La direction musicale de San-Carlo et du théâtre del Fondo, dont Rossini se chargea si légèrement, est une besogne immense, un travail de manœuvre, qui l'a obligé à transposer et à rajuster, selon la portée des voix des cantatrices ou selon le crédit de leurs protecteurs, une quantité de musique incroyable. Cela seul eût suffi pour flétrir un talent mélancolique, tendre, tenant à un système nerveux en état d'exaltation; Mozart en eût été éteint. Le caractère hardi et gai de Rossini le met au-dessus de tous les obstacles comme de toutes les critiques. Il ne voit jamais dans un ennemi, qu'une occasion nouvelle de se moquer et de faire des farces, si l'on me permet pour un instant un style au niveau de ce que je raconte.

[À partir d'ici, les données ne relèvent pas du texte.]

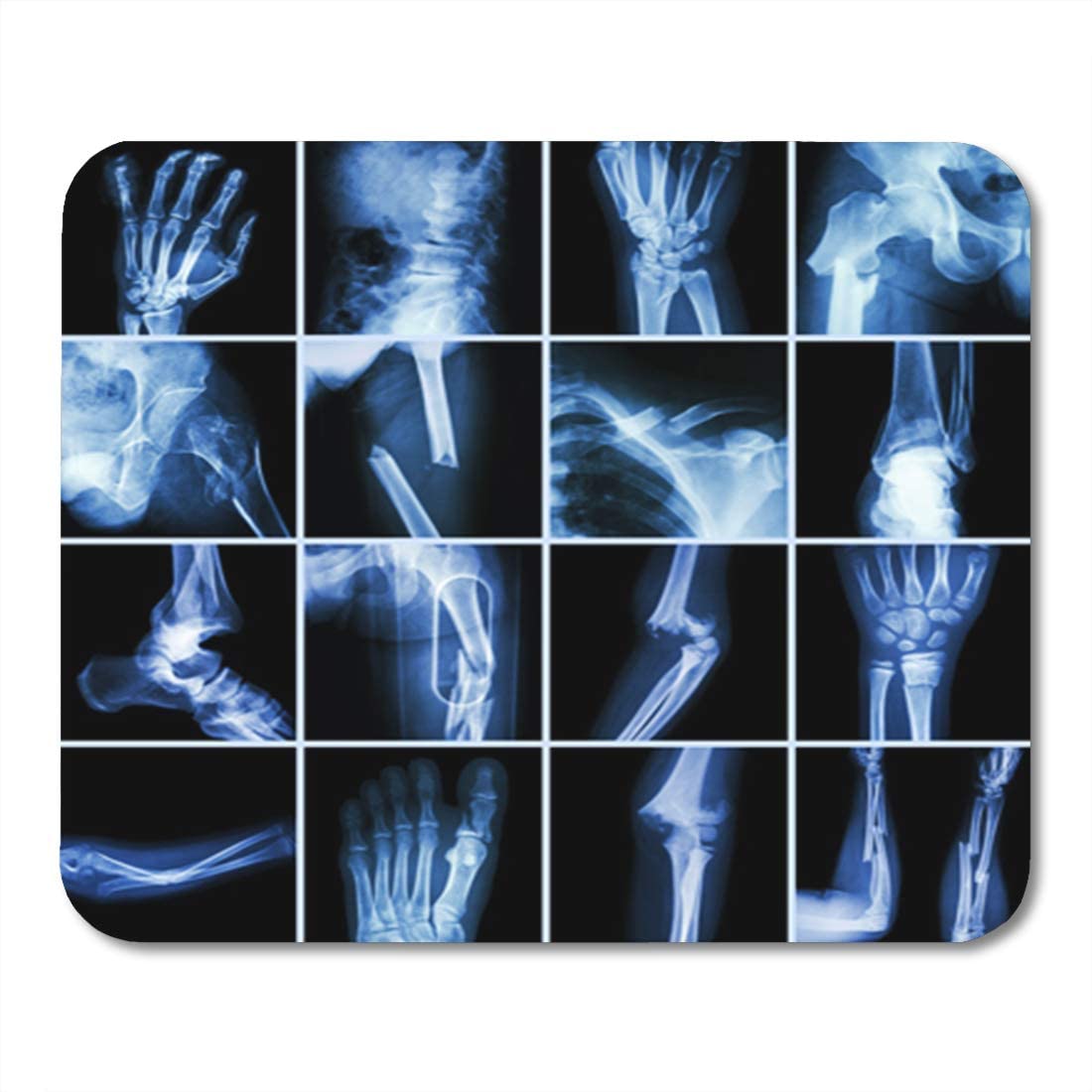 Roentgen Mobile X Ray at home Hyderabad & Bangalore 9949754080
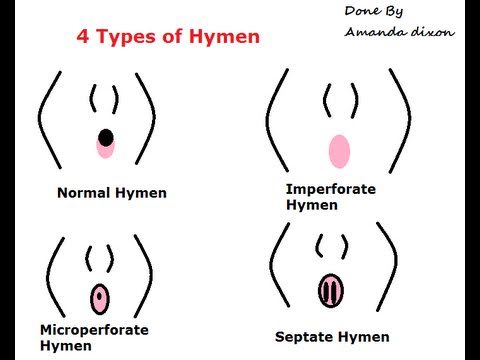 hymen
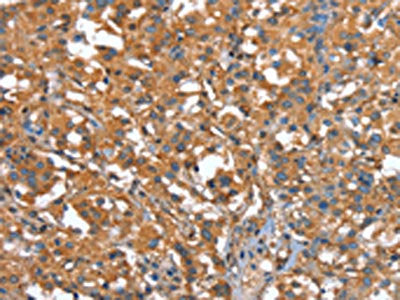 The image on the left is immunohistochemistry of paraffin-embedded Human thyroid cancer tissue using CSB-PA173074(CAPZA1 Antibody) at dilution 1/25, on the right is treated with synthetic peptide. (Original magnification: ×200)
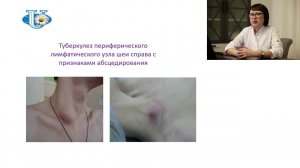 Внеторакальный туберкулез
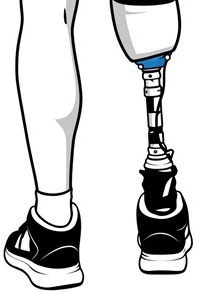 Prosthetic Limbs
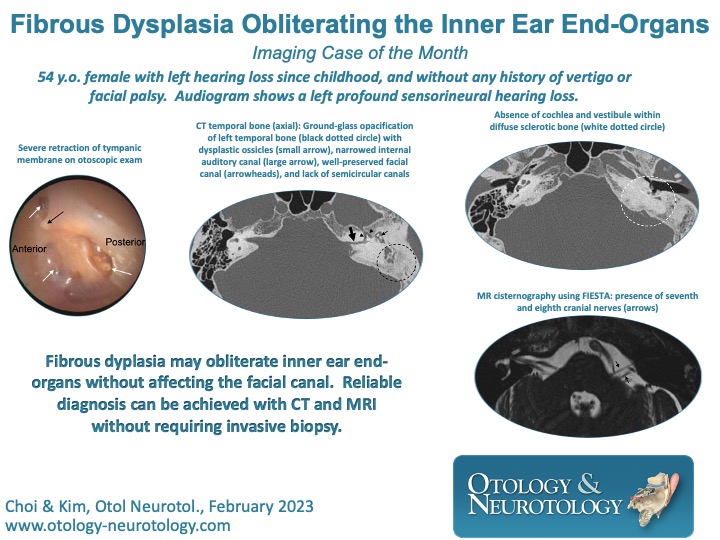 Progressive replacement of bony structures with abnormal, proliferative fibrous tissue by #FibrousDysplasia may obliterate the inner ear. bit.ly/3Rm0gbS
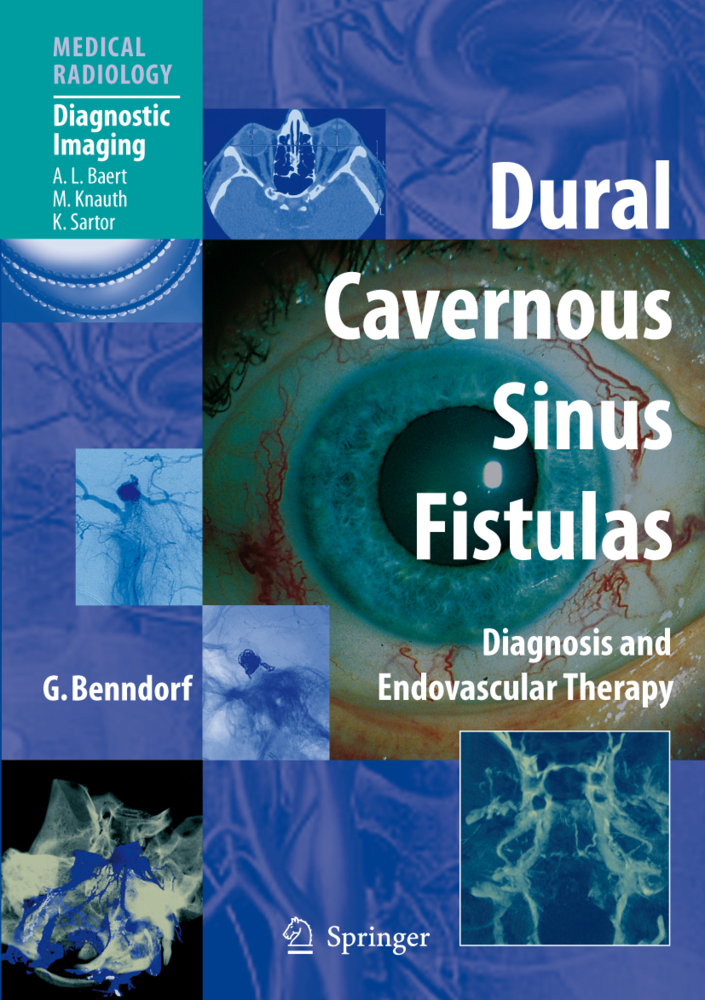 Dural Cavernous Sinus Fistulas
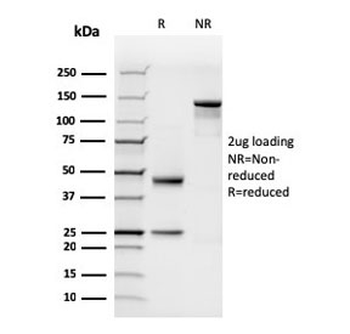 N-Cadherin Antibody / CDH2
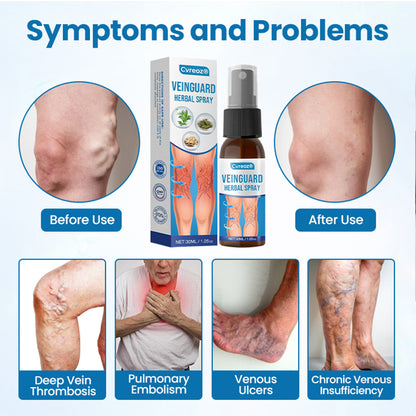 Cvreoz® VeinGuard Herbal Spray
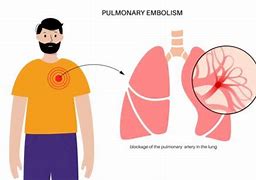 Image result for Pulmonary Embolism Post-Mortem Changes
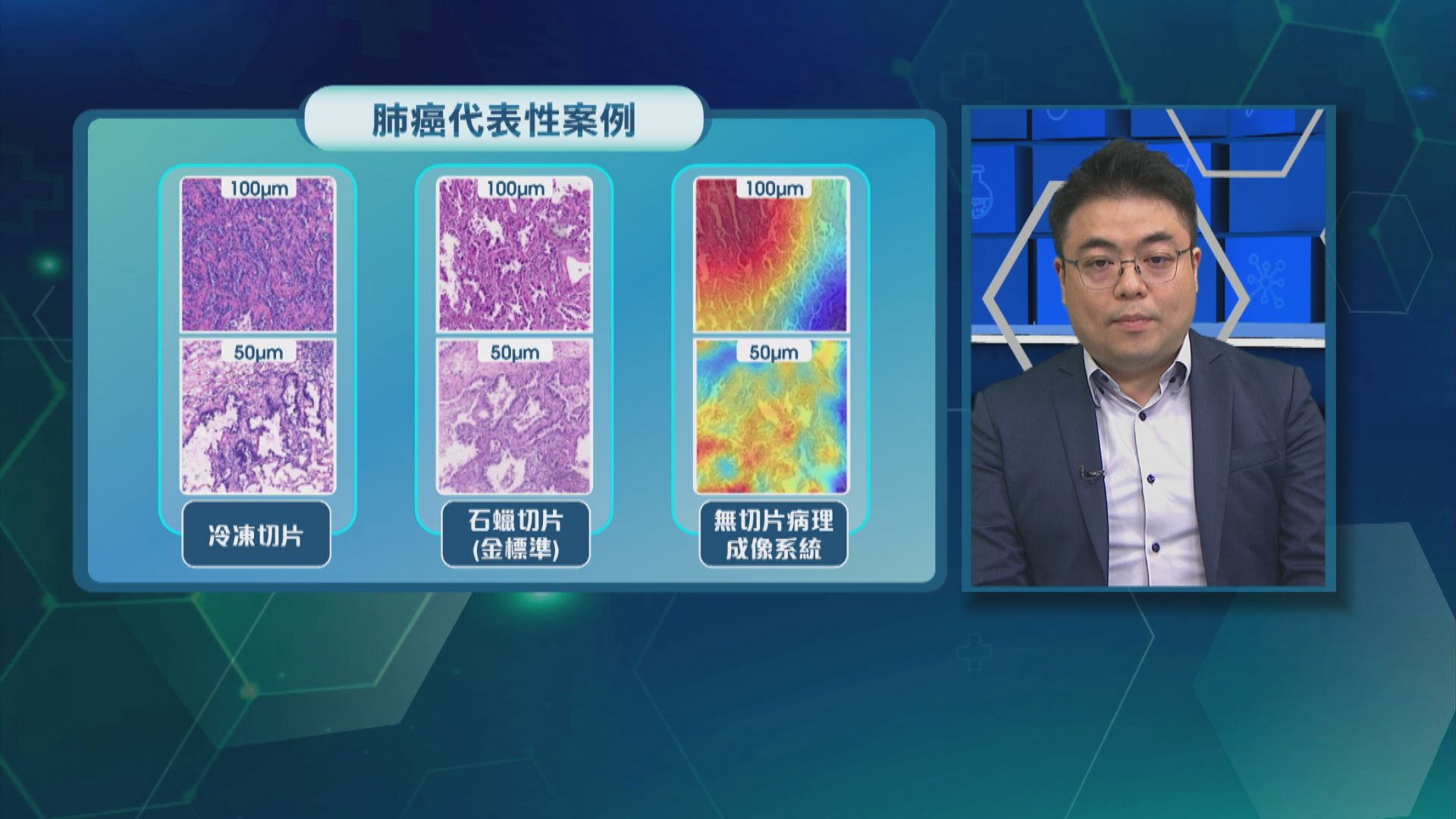 杏林在線｜三分鐘無切片驗癌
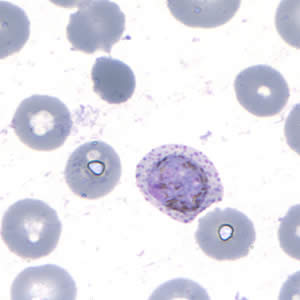 Case202_F.jpg Case202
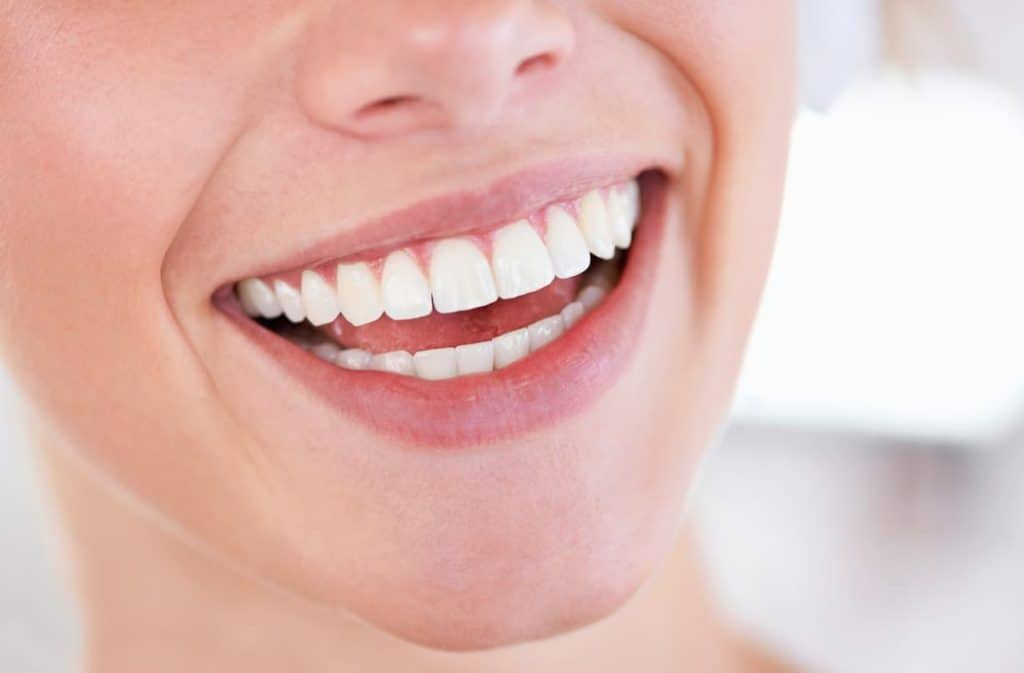 Teeth Whitening West Drayton Northamptonshire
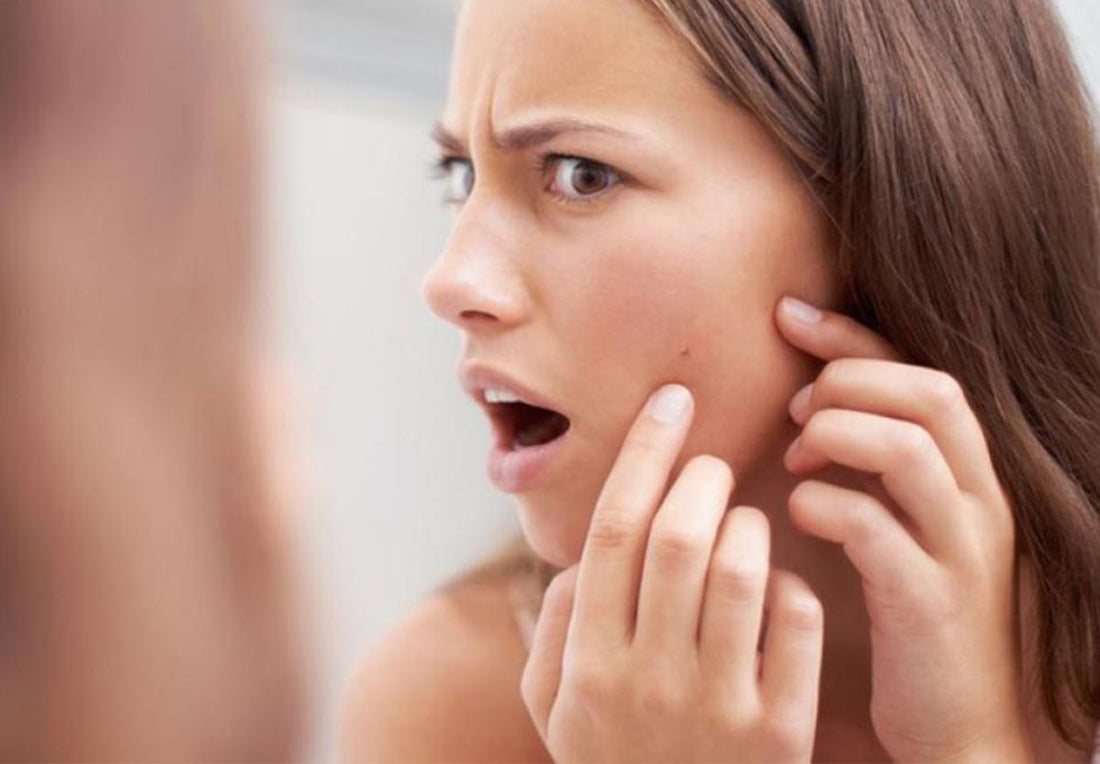 pimples-during-menstruation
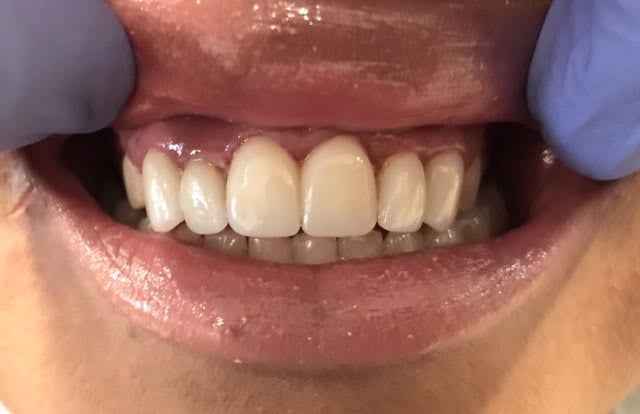 After Photo: Dental Veneers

Rossini se chargea de l'immense travail qui lui était dévolu, comme Figaro, dans son Barbier, se charge des commissions qui lui pleuvent de tous les côtés. Il s'en acquittait en riant, et surtout en se moquant de tout le monde; ce qui lui a valu une foule d'ennemis, dont le plus acharné, en 1823, est M. Barbaja, auquel il a joué le mauvais tour d'épouser sa maîtresse. Cet engagement signé par Rossini, n'a fini qu'en 1822, et a eu l'influence la plus marquée sur son talent, sur son bonheur, et sur l'économie de toute sa vie.
Toujours heureux, Rossini débuta à Naples, de la manière la plus brillante, ce fut par Elisabetta regina d'Inghilterra, opera seria (fin de 1815).
Mais pour comprendre les succès de notre jeune compositeur, et surtout les inquiétudes dont il fut assiégé à son arrivée dans l'aimable Parthénope, il faut remonter très haut.
Le personnage influent à Naples est grand chasseur, grand joueur de ballon, cavalier infatigable, pêcheur intrépide; c'est un homme tout physique; il n'a peut-être qu'un seul sentiment, qui tient probablement encore à ses habitudes physiques, c'est l'amour des entreprises hardies. Du reste, également privé de cœur pour le mal comme pour le bien, c'est un être absolument sans aucune sensibilité morale d'aucune espèce, ainsi qu'il convient au vrai chasseur. On l'a dit avare, c'est une exagération; il abhorre de donner de l'argent de la main à la main, mais signe tant qu'on veut des bons sur son trésorier.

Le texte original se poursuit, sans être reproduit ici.